Most of the programs on FGM during the past 12 years have been led by the government, and with two main messages: FGM is not part of the Islamic or Christian religious teachings; and FGM has negative health consequences. Most of these programs avoid addressing the issue from the perspective of women’s sexual rights and freedoms. Yet, without a full exploration of the relationship between sexual norms and FGM in Egypt, it will be difficult—if not impossible—to totally eliminate the practice. Female genital mutilation is a form of violence against women. It is used to exercise control over women’s bodies and maintain the current patriarchal system. The reasons for the continuation of FGM might be interpreted as cultural, social or even religious but, at the core of the matter, it is fundamentally an issue of control. Women’s sexuality is perceived as something that needs to be guided and restrained for the sake of society, and the belief in this practice is so entrenched, that even criminalizing it doesn’t seem to be a deterrent to future generations.

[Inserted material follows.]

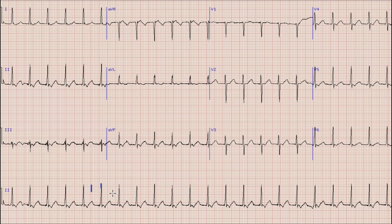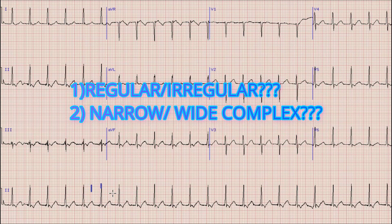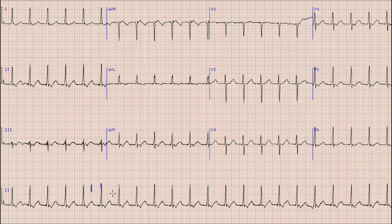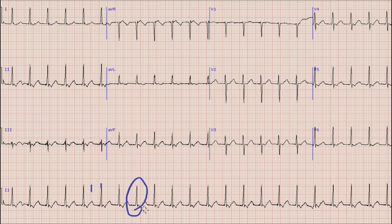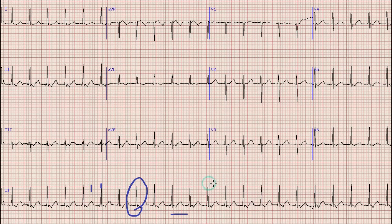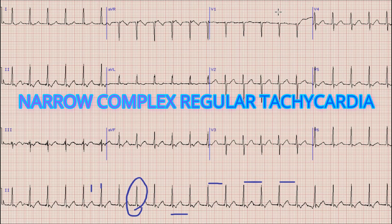Whenever you find a tachycardia, you must ask yourself two questions. First, is it a regular or irregular tachycardia? Second, is it a narrow complex or wide QRS complex tachycardia? Here we can see that the duration of the QRS complex is less than 3 small squares — less than 120 milliseconds — making it a narrow complex tachycardia. The RR interval is regular, so this is a narrow complex regular tachycardia.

Although many studies point at women as the main decision makers when it comes to FGM, the few studies that investigated the role of men found that men’s perceptions of their roles within the family are strongly linked to the continuance of FGM. A study conducted in 2010 in Egypt revealed that men stressed the concept of “quama” in Arabic, which can be translated as “responsibility”, “superiority” and “protection”. Men feel responsible for protecting their daughters and wives, and FGM is seen as an important aid in this role. The majority of men interviewed in this study believed that uncut women are “oversexed” and sexually demanding, which they believe can lead to extra-marital relationships.

Programs and community interventions need to work on breaking this perception and changing the strong association between norms of masculinity, power, sexual control and FGM. In this regard, men must be a primary target group in any activities undertaken. Even though women may support FGM, it is really the opinion of men and their position of power that perpetuate it. Younger generations of men will repeat what their fathers have done, unless the root of this issue is addressed in advocacy programs. Until the problem is approached from this angle, we will never see the end of this damaging practice.